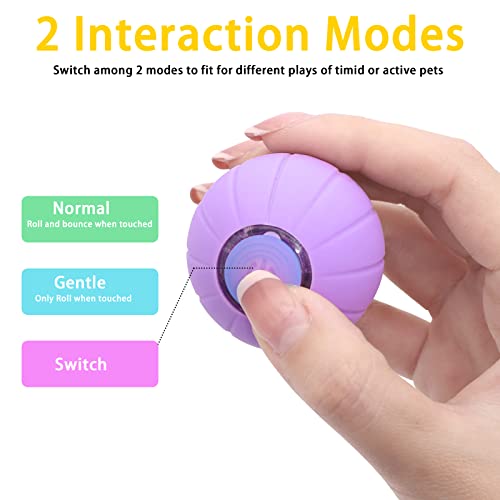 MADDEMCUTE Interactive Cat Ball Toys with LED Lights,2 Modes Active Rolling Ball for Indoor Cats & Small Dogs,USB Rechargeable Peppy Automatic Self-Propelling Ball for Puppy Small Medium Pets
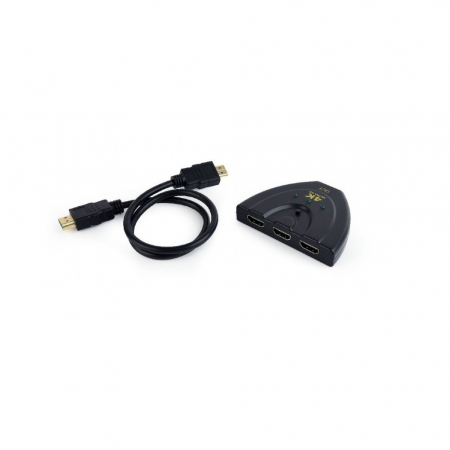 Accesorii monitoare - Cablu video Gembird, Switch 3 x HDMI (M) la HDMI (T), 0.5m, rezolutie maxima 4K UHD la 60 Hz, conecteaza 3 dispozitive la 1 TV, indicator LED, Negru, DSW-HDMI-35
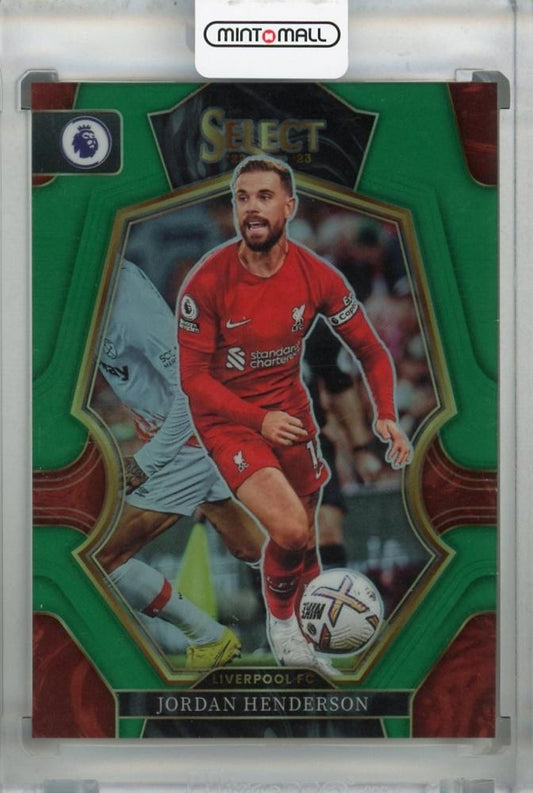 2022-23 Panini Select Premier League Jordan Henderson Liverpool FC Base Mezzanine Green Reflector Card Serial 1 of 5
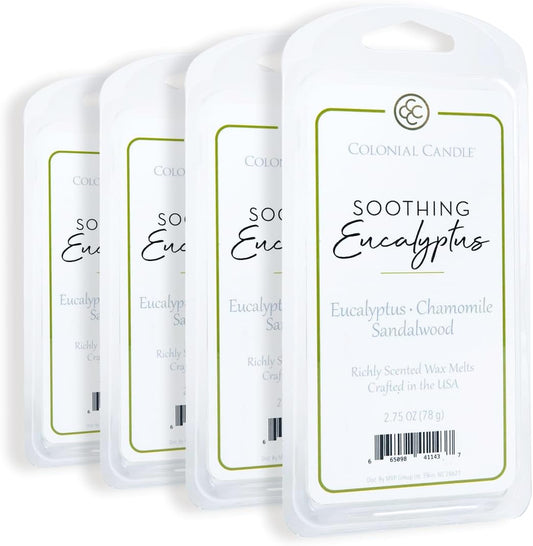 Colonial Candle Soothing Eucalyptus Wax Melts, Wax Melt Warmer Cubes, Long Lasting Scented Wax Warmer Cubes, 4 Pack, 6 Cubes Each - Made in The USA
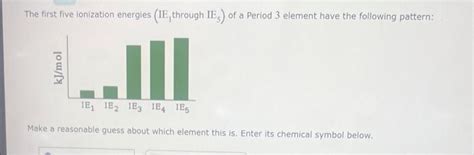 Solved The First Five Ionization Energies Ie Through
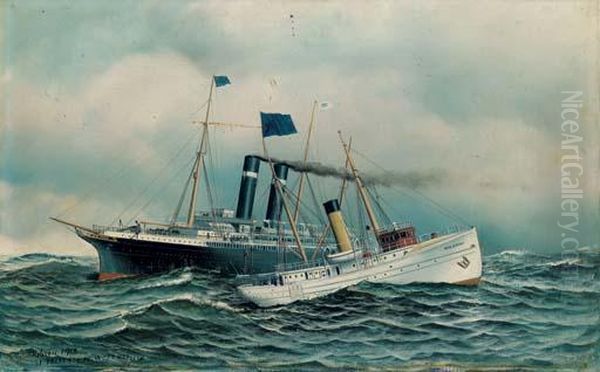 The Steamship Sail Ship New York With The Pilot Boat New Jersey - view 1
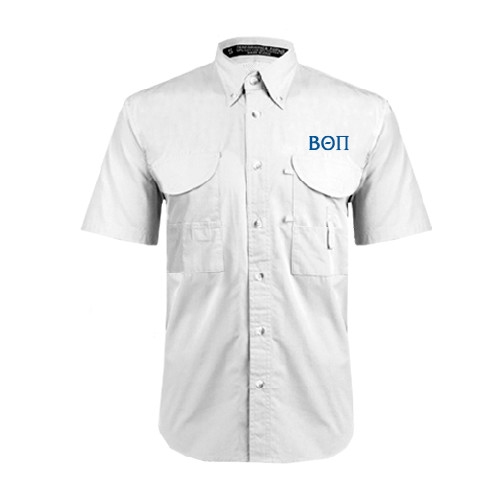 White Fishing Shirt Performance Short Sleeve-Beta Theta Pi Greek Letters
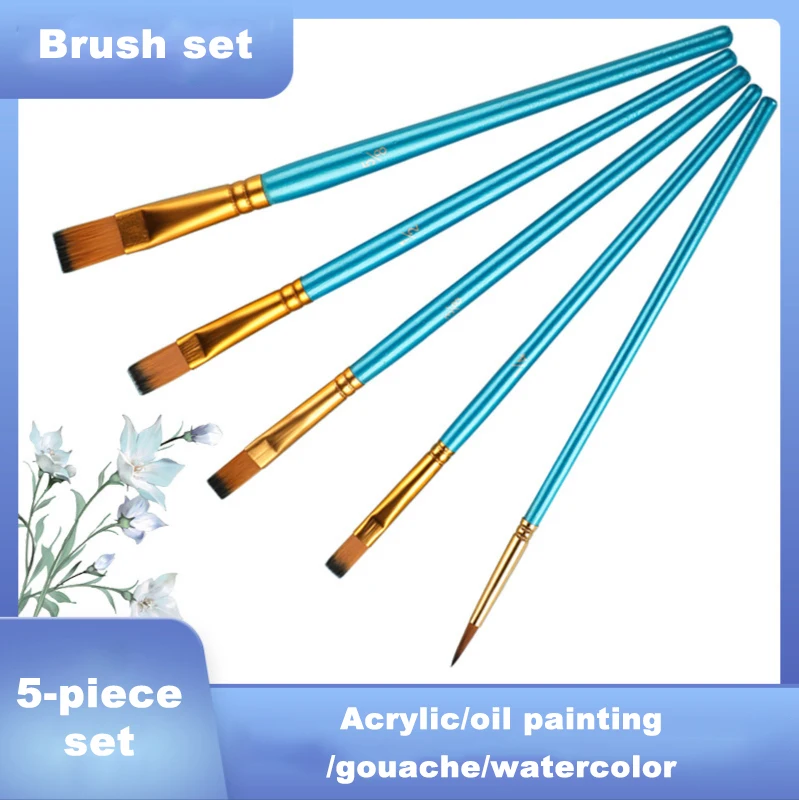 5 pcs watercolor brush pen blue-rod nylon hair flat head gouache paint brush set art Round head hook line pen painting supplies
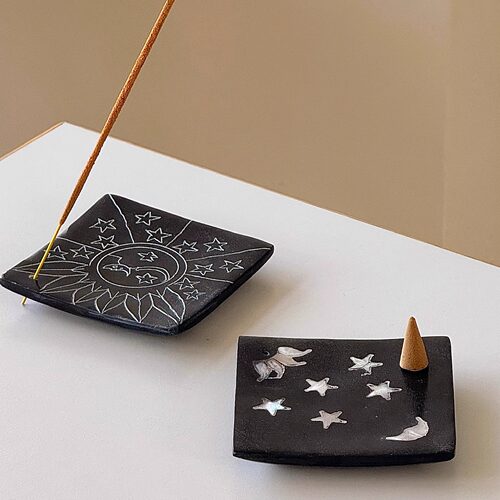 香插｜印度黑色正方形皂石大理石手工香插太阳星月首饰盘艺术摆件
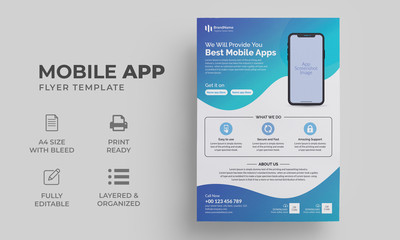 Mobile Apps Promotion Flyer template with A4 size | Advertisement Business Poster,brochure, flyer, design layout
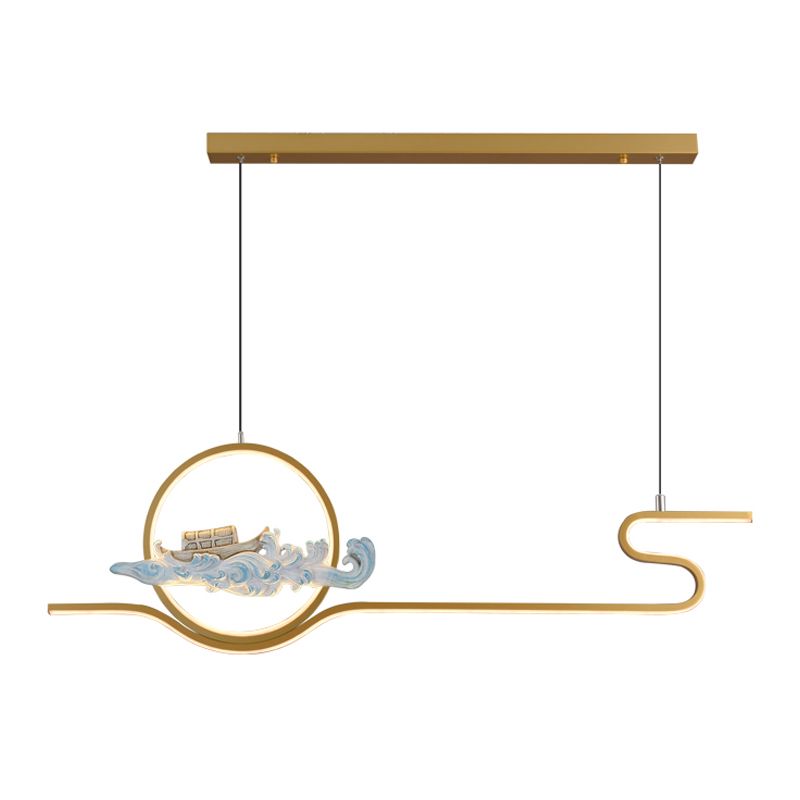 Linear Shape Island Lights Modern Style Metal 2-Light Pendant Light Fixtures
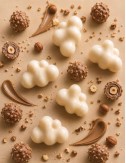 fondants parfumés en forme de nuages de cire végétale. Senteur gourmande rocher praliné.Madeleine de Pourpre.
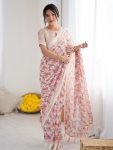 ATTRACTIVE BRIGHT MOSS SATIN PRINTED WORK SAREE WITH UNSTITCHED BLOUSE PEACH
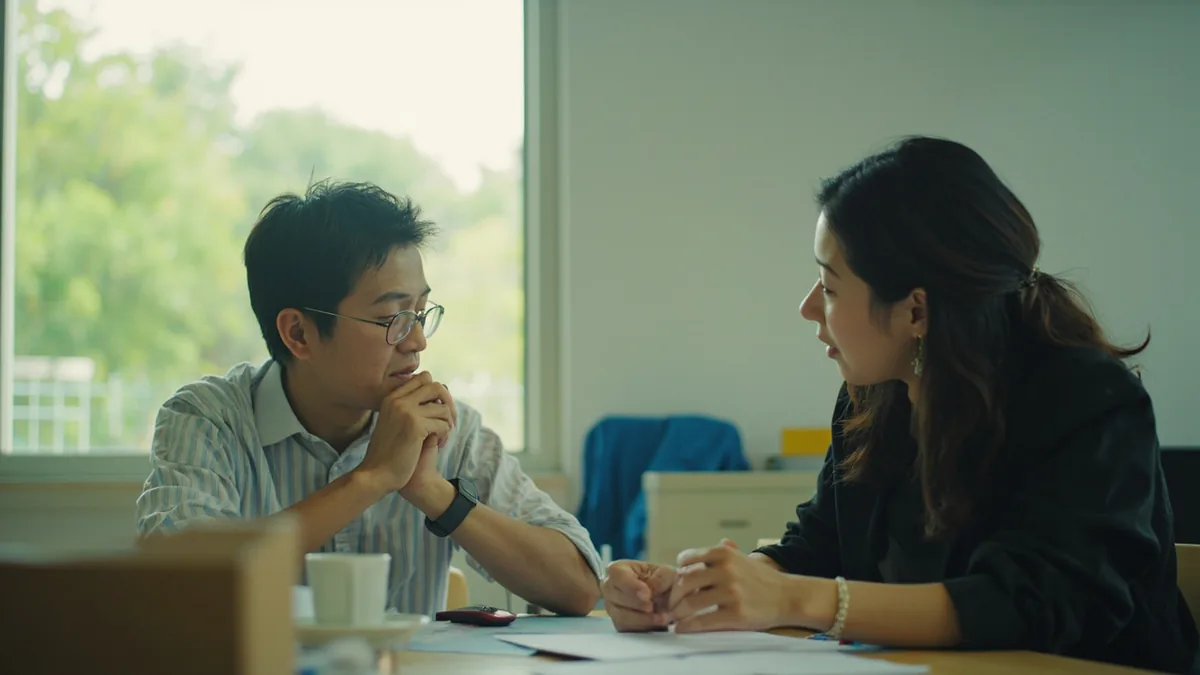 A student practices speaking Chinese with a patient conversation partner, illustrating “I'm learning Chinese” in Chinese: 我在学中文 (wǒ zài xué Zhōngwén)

▶ Aim of the exercise
Transcribe all the data word for word; the images stay out.

▶ Task response
 MADDEMCUTE Interactive Cat Ball Toys with LED Lights,2 Modes Active Rolling Ball for Indoor Cats & Small Dogs,USB Rechargeable Peppy Automatic Self-Propelling Ball for Puppy Small Medium Pets
 Accesorii monitoare - Cablu video Gembird, Switch 3 x HDMI (M) la HDMI (T), 0.5m, rezolutie maxima 4K UHD la 60 Hz, conecteaza 3 dispozitive la 1 TV, indicator LED, Negru, DSW-HDMI-35
 2022-23 Panini Select Premier League Jordan Henderson Liverpool FC Base Mezzanine Green Reflector Card Serial 1 of 5
 Colonial Candle Soothing Eucalyptus Wax Melts, Wax Melt Warmer Cubes, Long Lasting Scented Wax Warmer Cubes, 4 Pack, 6 Cubes Each - Made in The USA
 Solved The First Five Ionization Energies Ie Through
 The Steamship Sail Ship New York With The Pilot Boat New Jersey - view 1
 White Fishing Shirt Performance Short Sleeve-Beta Theta Pi Greek Letters
 5 pcs watercolor brush pen blue-rod nylon hair flat head gouache paint brush set art Round head hook line pen painting supplies
 香插｜印度黑色正方形皂石大理石手工香插太阳星月首饰盘艺术摆件
 Mobile Apps Promotion Flyer template with A4 size | Advertisement Business Poster,brochure, flyer, design layout
 Linear Shape Island Lights Modern Style Metal 2-Light Pendant Light Fixtures
 fondants parfumés en forme de nuages de cire végétale. Senteur gourmande rocher praliné.Madeleine de Pourpre.
 ATTRACTIVE BRIGHT MOSS SATIN PRINTED WORK SAREE WITH UNSTITCHED BLOUSE PEACH
 A student practices speaking Chinese with a patient conversation partner, illustrating “I'm learning Chinese” in Chinese: 我在学中文 (wǒ zài xué Zhōngwén)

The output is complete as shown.